If you have a Cumulus database in Athena already, you can easily point at that during study development.

But it may also be faster or easier to work with local files, where you can add edge cases. Cumulus Library has an optional database backend driven by local ndjson just for that!

Set up your ndjson

You can grab fake Synthea data or use the result of actual bulk-export results from your EHR.

Run your study on the local ndjson

Now you can run Cumulus Library but point it at the ndjson folder with the --db-type=duckdb and --load-ndjson-dir=DIR flags. For example:

cumulus-library build \
  --db-type duckdb \
  --load-ndjson-dir local_dir/ndjson/ \
  --database local_dir/duck.db \
  --target my_study

Adding edge cases

Not only is this faster than talking to Athena, but you can edit the local ndjson to add interest edge cases that you want your SQL to be able to handle.
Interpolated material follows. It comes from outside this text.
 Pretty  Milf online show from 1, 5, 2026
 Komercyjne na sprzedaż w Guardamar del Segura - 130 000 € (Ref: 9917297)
We use this feature in the library and our studies for automated unit testing.

Sharing studies

If you want to share your study as an official Cumulus study, please let us know via the discussion forum - we can talk more about what makes sense for your use case.

If you write a paper using the Cumulus library, please cite the project

Snapshotting/archiving studies

If you need to freeze a study at a specific point in time (like if you’re working on a publication), you can create an archive of that study using the archive command in the Cumulus library CLI. Just be aware that this archive may contain sensitive data, and so make sure your store the archive someplace that complies with your organization’s security policies.